After-acquired property of bankrupt

589.Paragraph 16 amends section 307 of the Insolvency Act 1986 to facilitate banks offering accounts to undischarged bankrupts. There is some uncertainty at present about the way in which section 307 operates in relation to bank accounts and the amendments seek to reduce a burden by removing that uncertainty. Paragraph 16, like section 307, forms part of the law of England and Wales only. It will come into force on a day to be appointed by the Secretary of State in a commencement order.

590.Section 307 allows a trustee in bankruptcy to claim by notice after-acquired property which becomes the property of the bankrupt before they are discharged (usually 12 months after the bankruptcy order was made). Where that property is or becomes money that passes through a bank account, and the trustee is unable to recover it from the bankrupt or ultimate recipient, the trustee may claim against the bank for its loss to the bankruptcy estate. Currently the trustee can consider such a claim as the bank would have been aware of the bankruptcy order.
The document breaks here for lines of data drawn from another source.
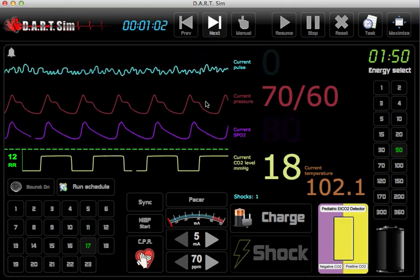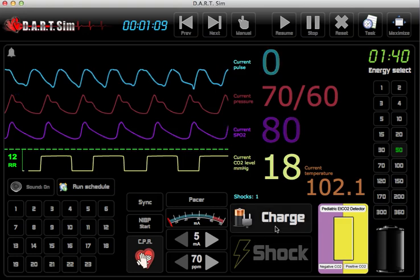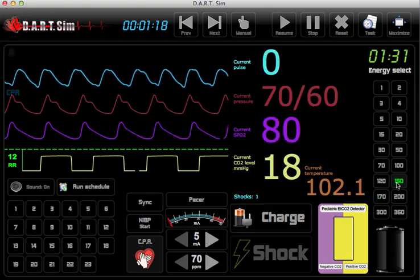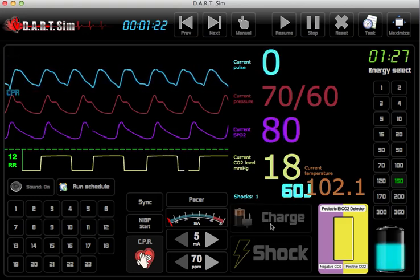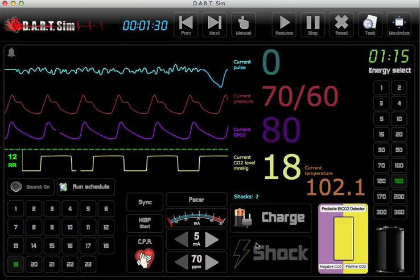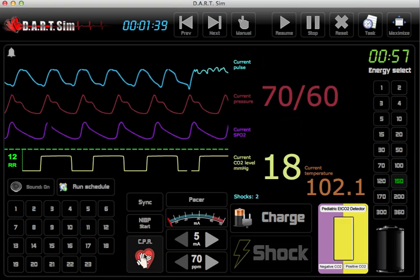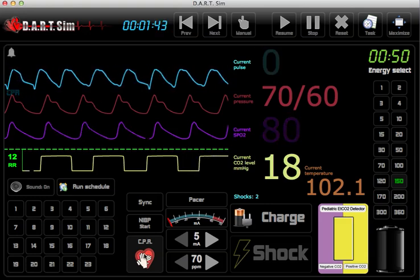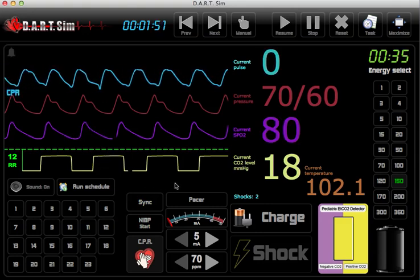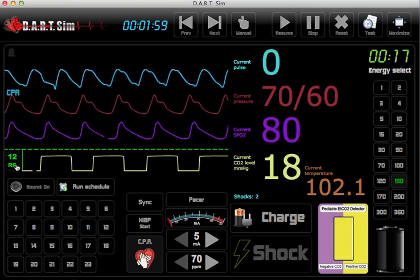The patient is now in V-fib. We'll start CPR — we've given one shock — and we charge at 150 joules and resume compressions. The compression waveform is at a rate of 100 compressions per minute. We have our waveform capnography, and we are at 18 millimeters of mercury, and we are bagging at a rate of 12 breaths per minute.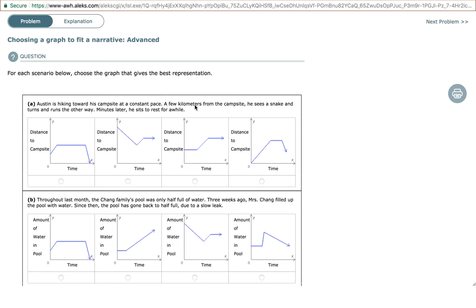Next: a few kilometers from the campsite, he sees a snake and turns and runs the other way. Minutes later, he sits to rest for a while. So Austin is moving towards the campsite, then turns back around because of the snake, and then stops to rest. At that point, he's no longer moving closer or further from the campsite.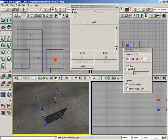A clockwise selection will make the normal point toward you. A counterclockwise direction will make the normal point away from you. Remember that.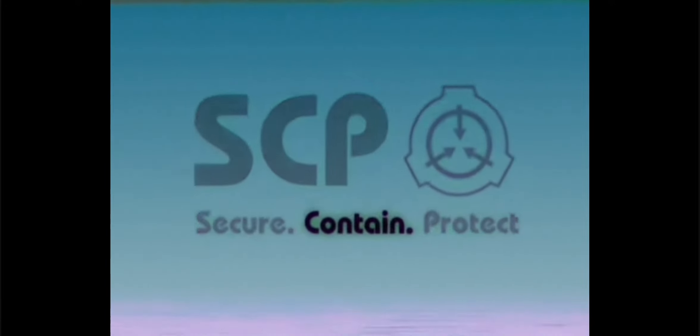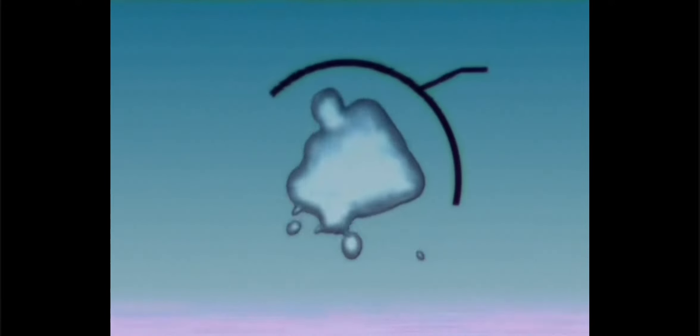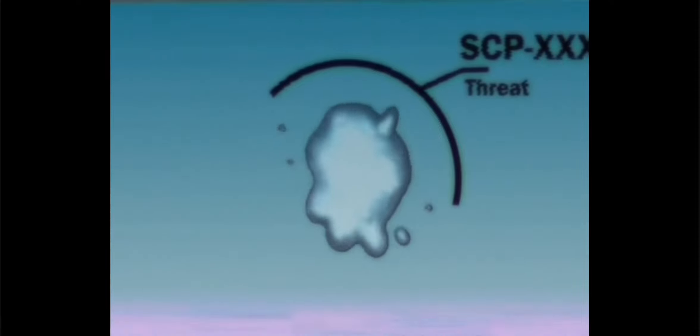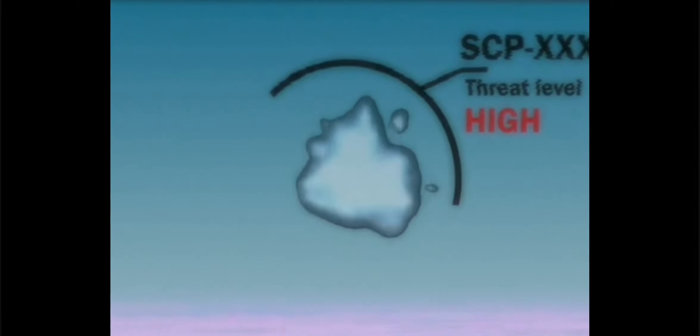The Foundation specializes in containment and attempts to understand artifacts that pose a significant threat to global security. The Foundation operates on three basic principles: secure, contain, and protect.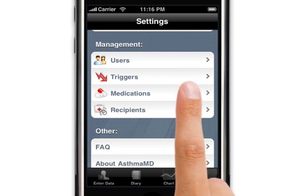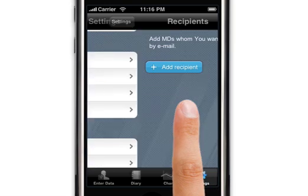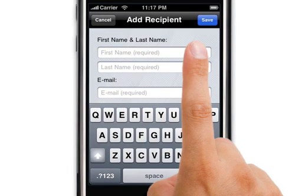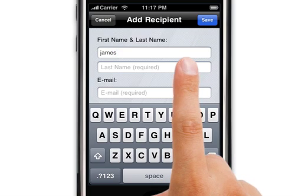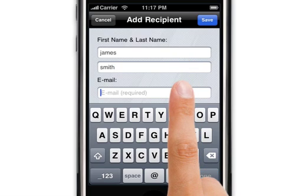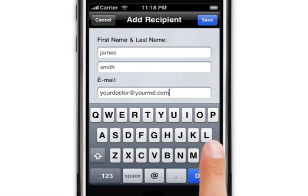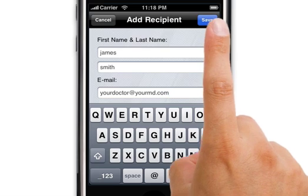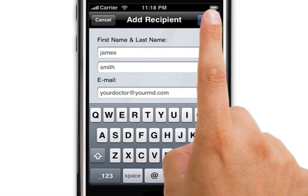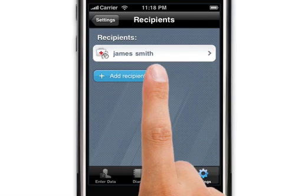Next, we add the recipients of the graph or the diary, because these are the physicians and specialists that you are planning to send your data to when you decide to do so. Please make sure their email addresses are correct prior to sending them the information. Enter your doctor's first name, last name, and email address. Press Done and then Save. After doing so, the recipient's name will appear on the list.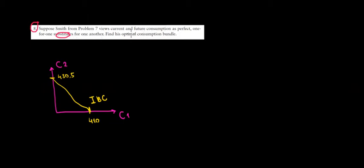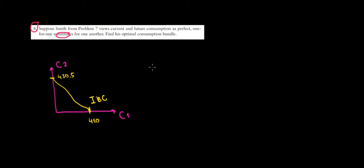Now let's solve this question pretty fast intuitively. What does it mean one-for-one substitutes? It means that we're indifferent what we consume either in the present or in the future. We would choose the one that gives us the most satisfaction, and obviously the thing that would give us the most satisfaction is the maximum consumption.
591.Section 307(4) of the Insolvency Act 1986 prevents the trustee from taking action against certain persons who have dealt with after-acquired property in good faith and without notice of the bankruptcy – namely persons acquiring property for value and bankers entering into transactions. The amendment takes bankers outside the scope of section 307(4) and instead provides protection for them by means of a new subsection (4A) inserted into section 307. The new subsection (4A) prevents a trustee making a claim against a bank in circumstances where the bank has not been served with notice by the trustee specifically regarding the after-acquired property he or she wishes to claim, regardless of whether the bank has notice of the bankruptcy.